Human Resource Retaining Strategies: The Training Delivery / Communication Options
The training delivery to be used is participative which simulates real scenarios (Schein, 1987). This will be a workshop type of training. Experiential learning should be employed in the training components of the Comprehensive Management Training program aimed at maintaining work effectiveness, retaining employees and create organizational success where employee development is critical.
The communication option to be used in the delivery of training should be simple yet effective. Also, this training program will provide comprehensive information and techniques to develop critical competencies. Training activities will focus on the design and approach to facilitate effective delivery of functions and responsibilities.
The training materials to be used should assist trainers in enhancing their training presentations with materials that are professionally designed and written. Group facilitation skills of the trainers should be maximized to effect intervention strategies needed to maintain effective group relationships and direct groups towards productive goals. Aside from the evaluation of the Human Resources Directors from available data and observations, a Training Needs Assessment and Evaluation conducted prior to the actual training proper help trainers understand and use selected needs assessment and evaluation tools as part of the design and delivery of training.

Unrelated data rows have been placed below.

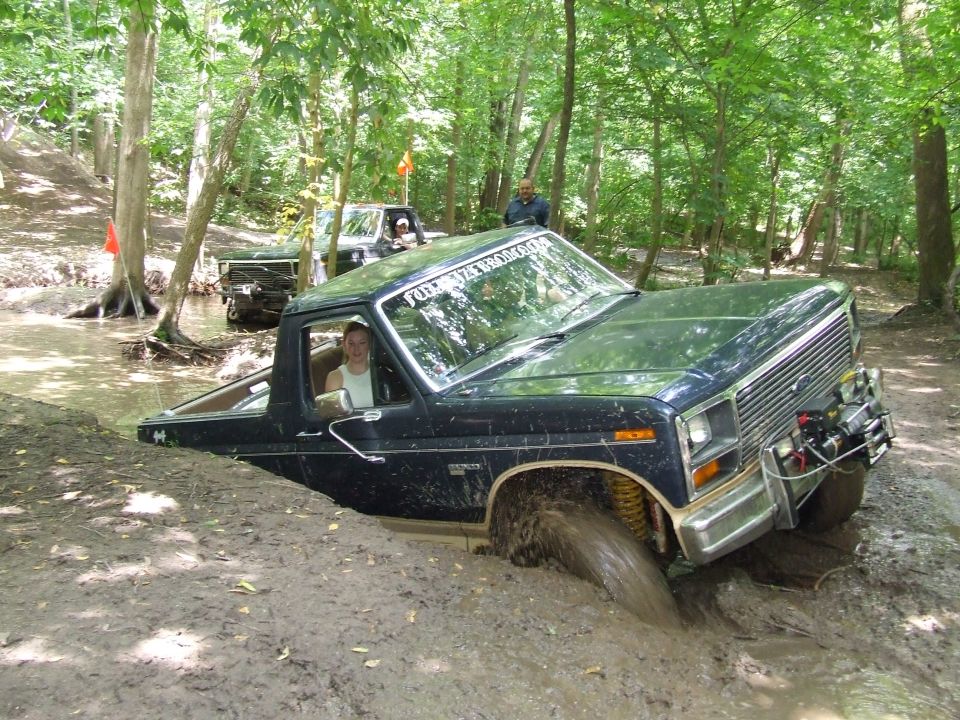 Dark blue 1986 Ford Bronco stuck in mud with winch on front bumper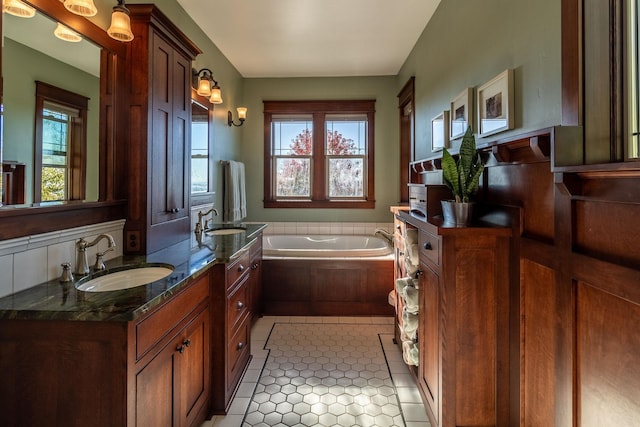 bathroom featuring tile patterned flooring, vanity, and tiled tub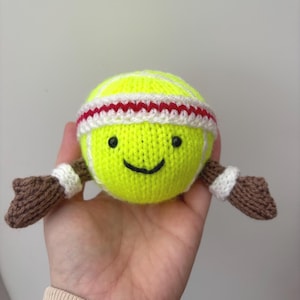 Könnte beinhalten: Ein gestricktes Tennisball-Spielzeug mit einem lächelnden Gesicht, schwarzen Augen und einem schwarzen, aufgenähten Mund. Der Tennisball trägt ein weiß-rotes Stirnband und braune Arme mit weißen Manschetten. Das Spielzeug ist gelb und weiß.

Human Resource Issues and Challenges to Consider – Including Suggested Solutions
The challenge to have a trained and skilled workforce is the ultimate competitive advantage for any organization (Cowling and Mailer, 1998). The rapidly expanding base of new information and technologies affects every one of us, from factory floor to business office. No matter how capable or successful an organization is, if staff training and continuing education is overlooked, there will be problems in the organization. The challenge is to get the best value for the training dollars spent by choosing training that suits the needs of the company and least impacts the bottom line (Storey and Sisson, 1993).
In order to meet the challenge, comprehensive approach to employee development can be adopted. Set goals and reach them, identifying the needs, developing the right intervention, and delivering a practical, results-oriented solution. Interactive training is designed for the adult learner, requiring involvement in the learning process. Handle specialized workplace challenges with customized group training. Handle challenges specific to the organization. A good approach is to maximize training dollars spent by tailoring content to the organization’s explicit situation to produce the results needed.
Adams, K. L., & Galanes, G. J. (2005). Communicating in Groups: Applications and Skills (Sixth ed.). New York: McGraw-Hill Humanities/Social Sciences/Languages.
Baron, J. N. & Kreps, D. M. (1999) Strategic human resources: frameworks for general managers, New York, Wiley.
Cowling, A. & Mailer, C. (1998) Managing human resources, Arnold.
Galanes, G. J., Adams, K., & Brilhart, J. K. (2003). Effective Group Discussion: Theory and Practice (11 ed.). New York: McGraw-Hill Humanities/Social Sciences/Languages.
Hesselbein, F., Johnston, R., & Foundation, T. D. (2002). On High Performance Organizations: A Leader to Leader Guide (1 ed.). San Francisco: Jossey-Bass.
Molander, C. & Winterton, J. (1994) Managing human resources, Routledge.
Rothwell, W. (2001). Workplace Learning & Performance Roles : The Manager and the Change Leader. Alexandria: ASTD.
Schein, E. H. (1987) The art of managing human resources, Oxford University Press.
Storey, J. & Sisson, K. (1993) Managing human resources and industrial relations, Buckingham, Open University Press.